Employing an abductive analysis as outlined by Timmermans and Tavory (2012), I utilised theoretical discussions from the beginning of the research process. Specifically, instead of approaching the data with a specific theoretical framework, I tested the empirical findings in relation to theoretical discussions and concepts. I applied the methods for this, namely, revisiting the phenomenon, defamiliarisation and alternative casing. I conducted three rounds of coding, as suggested by Layder (1998), using the Atlas.ti software program. Working with transcribed interview data serves as the first step in defamiliarisation (Timmermans and Tavory, 2012). In the first round, I coded various friendship practices – such as celebrating birthdays or lending tools – and associated information regarding a group of people and a place. The second round of coding, which itself entails revisiting the phenomenon studied, focused on the qualities of the friendship relations. I also elaborated on the first round by coding more abstract practices, such as sharing emotions, many of which I recognised as the practices of intimacy defined by Jamieson (2011).
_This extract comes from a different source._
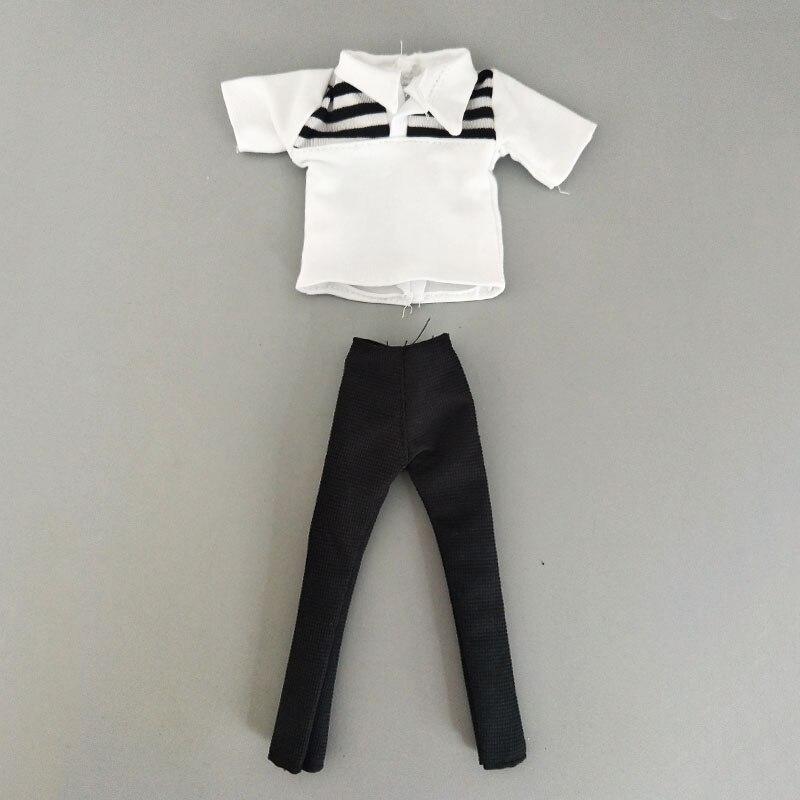 

1 комплект, 1/6 одежда для мальчиков, кукла Кен, белая полосатая рубашка и брюки, брюки, одежда для бойфренда Барби, кукла Кена, принца, игрушка чёрный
When examining my codings within the larger context of individuals’ lives (see Brannen, 2013), the significance of temporality became obvious. I followed the idea of alternative casing (Timmermans and Tavory, 2012), conducting a third round of coding with a novel focus related to theoretical concepts concerning temporality. In the analytical process, this movement back and forth between individual accounts and generalised findings, and between empirical observations and theoretical discussions, ultimately generated the findings.
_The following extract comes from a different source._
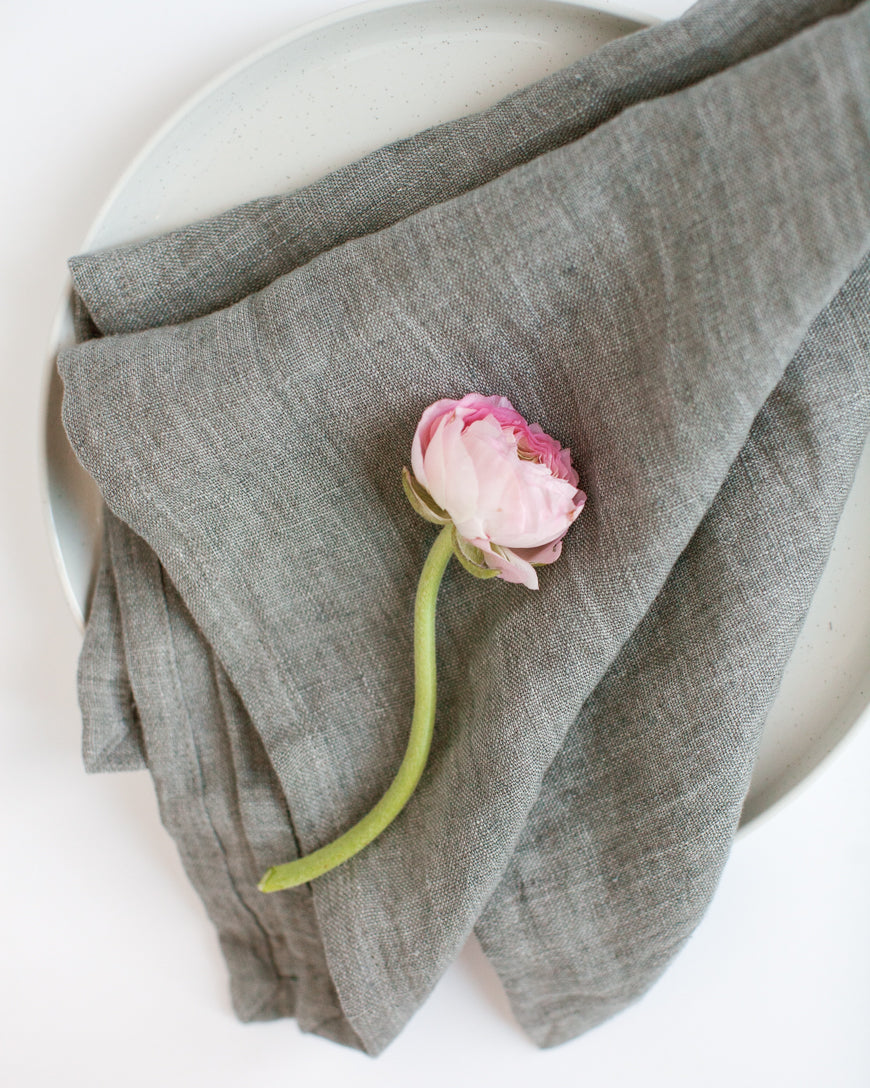 Hand-Woven Stone Washed Linen Hemmed Dinner Napkins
In what follows, I use pseudonyms for all of the interviewees’ names and the people they mentioned in order to preserve anonymity.
Friendship Here and Now
I identified three distinct ways in which interviewees used temporality in making sense of their lived friendships. In the first
Aija lives in an apartment building in a middle-class suburb of Helsinki, the capital city, with her husband and their toddler. The rhythm of her ordinary week is defined by work, commuting, picking up her son from daycare and spending evenings at home or at hobbies. Some of her neighbours have become significant friends to herself and her family, and they spend much time in the building’s communal courtyard. These families ‘lend anything from sugar to red wine or chairs’ and swap bookings in the apartment building’s communal sauna. Among her friends is a couple, Sari and Aku, who ‘create atmosphere; they organise New Year’s parties, Labour Day parties for families with kids, parties which are at their place. Almost all of the families from our neighbourhood gather there to celebrate.’ For Aija, this spontaneous and informal sociability has created close bonds lived in everyday life with ease. Instead of trying to reconcile different rhythms of life (see Tavory, 2018) by scheduling meetings with busy friends who live further away, she cherishes the spontaneity among friends in her immediate neighbourhood. Through one couple that ‘creates atmosphere’ within the neighbourhood, the friendships are entangled with the wider community, its people, the specific place and the rhythms of everyday life as well as parties that bring families together (see Kuurne and Gómez, 2019).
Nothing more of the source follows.